A time-series pointer file (timeseries_pointers.json or .csv, optional) — associates components with time-series data on disk.

In addition, the package ships a built-in default descriptor JSON (power_system_inputs.json) that defines the PowerSystems-standard schema. You almost never edit this file directly: the user descriptor YAML overrides entries in it.

The parsing flow

At a high level, construction of PowerSystemTableData(directory, base_power, user_descriptor_file; ...) proceeds in four phases:

 ┌─────────────────┐    ┌──────────────────┐    ┌──────────────────────┐
 │  directory/     │    │ user_descriptors │    │ generator_mapping    │
 │  ├─ bus.csv     │    │  .yaml           │    │  .yaml               │
 │  ├─ branch.csv  │    │ (your column     │    │ (fuel, type) →       │
 │  ├─ gen.csv     │    │  names / units)  │    │  Generator subtype   │
 │  └─ ...         │    └──────────────────┘    └──────────────────────┘
 └────────┬────────┘             │                        │
          │ (1) discover &       │                        │
          │     read CSVs        │                        │
          ▼                      │                        │
   Dict{String, DataFrame}       │                        │
          │                      │                        │
          │ (2) attach            │                        │
          │     descriptors ◄─────┘                        │
          │                                                │
          │ (3) load generator mapping ◄───────────────────┘
          ▼
 ┌─────────────────────────────────────────────────────────────────────┐
 │                     PowerSystemTableData                            │
 │  base_power | category_to_df | user_descriptors | descriptors |     │
 │  generator_mapping | timeseries_metadata_file  | directory          │
 └─────────────────────────────────────────────────────────────────────┘
          │
          │ (4) later: PowerSystems.System(data; ...)
          ▼
      System

1. Discover and read the CSV files

The constructor walks directory with two regular expressions:

^[A-Za-z]+$ — treats a plain alphabetic sub-directory as a grouping folder and recurses into it for its own *.csv files.
(.*?)\.csv — matches CSV files in directory itself.

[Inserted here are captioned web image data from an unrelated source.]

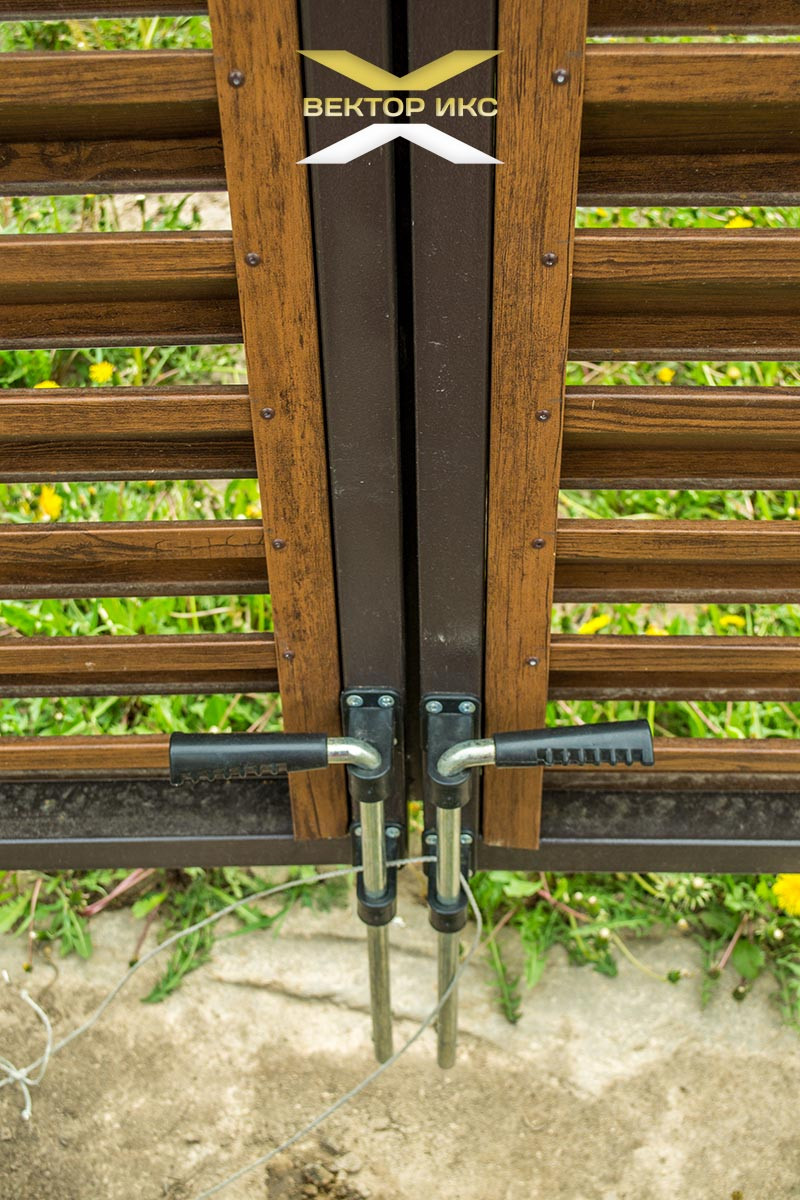 Распашные ворота с ламелями жалюзи (принтек-дуб) - фото 4 - id-p180848508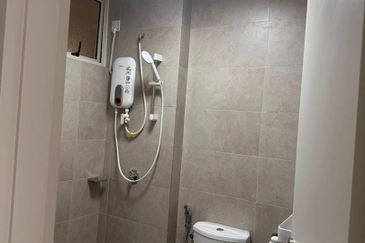 Gravit8 @ Klang South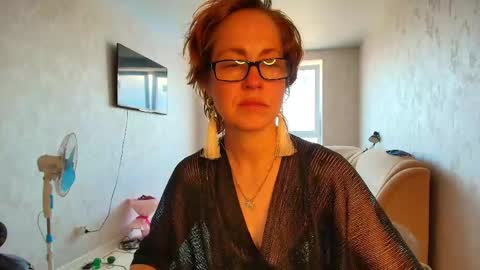 Liora Weiss online show from May 29, 2026, 7:50 am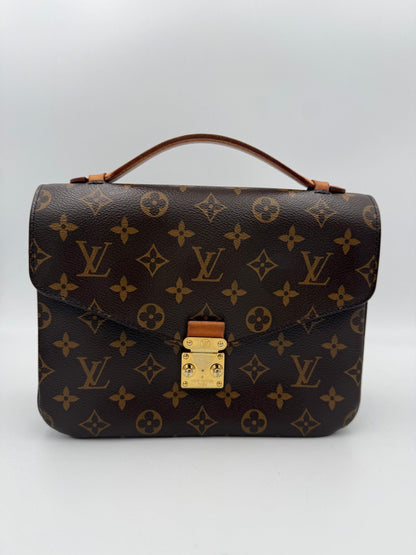 Louis Vuitton LOUIS VUITTON METIS Monogram  Handbag (   )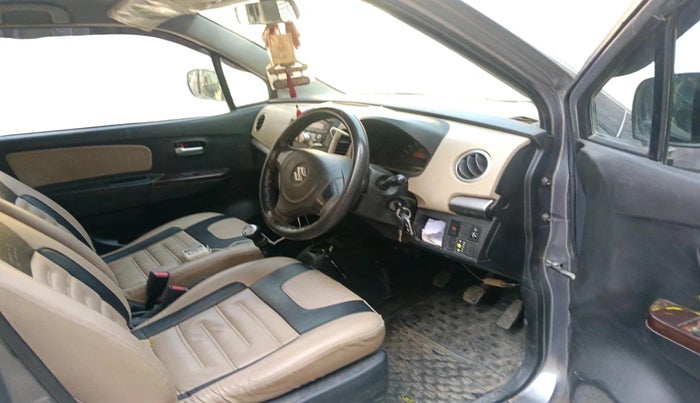 2017 Maruti Wagon R 1.0 LXI CNG, CNG, Manual, 98,583 km, interior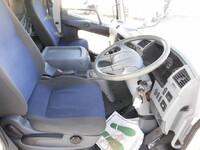 三菱ファイター平ボディ中型（4t）[写真16]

Each matching file is read with CSV.File into a DataFrames.DataFrame and stored under its stem name (bus.csv becomes key "bus"). The raw layout is a Dict{String, Any} whose keys are either a top-level category name ("bus", "gen", ...) or a sub-folder name mapping to a nested dict.

If no CSVs are found, the constructor errors. If bus.csv is missing, the next phase raises DataFormatError("key 'bus' not found in input data"): bus data is the only required input.

2. Associate DataFrames with categories

The dictionary of DataFrames is re-keyed by InputCategory enum values (BUS, BRANCH, GEN, LOAD, DC_BRANCH, RESERVE, STORAGE). The mapping from CSV name to enum is the INPUT_CATEGORY_NAMES constant in src/power_system_table_data.jl. Categories that are not present in the directory are simply omitted from category_to_df (so, for example, a system with no storage just has no STORAGE entry).

At the same time, the two descriptor inputs are loaded:

The default descriptor JSON (always loaded from the package) defines the canonical field names, default values, expected units, and per-unit conventions.
The user descriptor YAML is loaded and re-keyed by uppercased category symbol (:BUS, :GENERATOR, ...). The special case "reserves" is renamed to "reserve" to match the enum.

The user descriptors effectively overlay the defaults: for each PowerSystems field the user YAML can provide a custom_name (the column name as it appears in your CSV), a unit, a unit_system, or a base_reference. Fields left blank in the user YAML fall back to the default descriptor's entry.

3. Load the generator mapping

get_generator_mapping(generator_mapping_file) reads generator_mapping.yaml and returns a Dict{NamedTuple, String} where each key is (fuel = "...", unit_type = "...") and the value is the name of a concrete Generator subtype (e.g. ThermalStandard, RenewableDispatch). A bundled default lives at src/generator_mapping_cdm.yaml.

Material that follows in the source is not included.